- _Work item_: Find the word "Center" in the listing. Copy out each line where it occurs.

START Data shown

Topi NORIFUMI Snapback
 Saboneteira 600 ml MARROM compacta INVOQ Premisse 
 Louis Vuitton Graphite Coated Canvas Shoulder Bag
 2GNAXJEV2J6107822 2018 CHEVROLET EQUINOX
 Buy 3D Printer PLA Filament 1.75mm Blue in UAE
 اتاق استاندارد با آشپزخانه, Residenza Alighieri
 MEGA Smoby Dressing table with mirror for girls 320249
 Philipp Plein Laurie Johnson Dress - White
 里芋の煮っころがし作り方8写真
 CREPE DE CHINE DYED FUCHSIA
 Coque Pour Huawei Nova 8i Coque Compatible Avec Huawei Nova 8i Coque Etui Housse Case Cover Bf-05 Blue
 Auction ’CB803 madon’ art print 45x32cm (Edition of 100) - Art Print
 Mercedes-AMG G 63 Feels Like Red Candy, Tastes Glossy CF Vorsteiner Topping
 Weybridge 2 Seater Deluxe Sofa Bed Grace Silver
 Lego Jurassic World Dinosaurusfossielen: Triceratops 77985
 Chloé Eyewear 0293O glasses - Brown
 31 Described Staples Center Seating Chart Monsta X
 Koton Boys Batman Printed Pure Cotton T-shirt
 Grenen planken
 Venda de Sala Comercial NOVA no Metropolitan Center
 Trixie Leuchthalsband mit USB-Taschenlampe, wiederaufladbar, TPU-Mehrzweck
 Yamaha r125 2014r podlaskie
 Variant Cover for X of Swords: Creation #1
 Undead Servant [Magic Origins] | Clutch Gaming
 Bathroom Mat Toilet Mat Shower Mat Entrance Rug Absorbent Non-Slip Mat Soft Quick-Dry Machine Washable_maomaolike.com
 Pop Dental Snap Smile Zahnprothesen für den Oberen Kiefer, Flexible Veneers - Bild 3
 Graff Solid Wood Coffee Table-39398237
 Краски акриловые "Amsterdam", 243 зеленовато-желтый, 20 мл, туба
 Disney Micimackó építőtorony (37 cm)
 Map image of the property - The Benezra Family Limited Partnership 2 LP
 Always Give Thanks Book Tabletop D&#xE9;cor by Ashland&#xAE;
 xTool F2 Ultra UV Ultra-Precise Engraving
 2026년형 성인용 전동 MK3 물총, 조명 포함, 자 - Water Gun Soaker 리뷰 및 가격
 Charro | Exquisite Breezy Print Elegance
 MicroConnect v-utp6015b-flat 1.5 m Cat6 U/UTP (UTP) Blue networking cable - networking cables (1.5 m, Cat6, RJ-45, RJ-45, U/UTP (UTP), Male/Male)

END Data shown

- _Answer box_:
 31 Described Staples Center Seating Chart Monsta X
 Venda de Sala Comercial NOVA no Metropolitan Center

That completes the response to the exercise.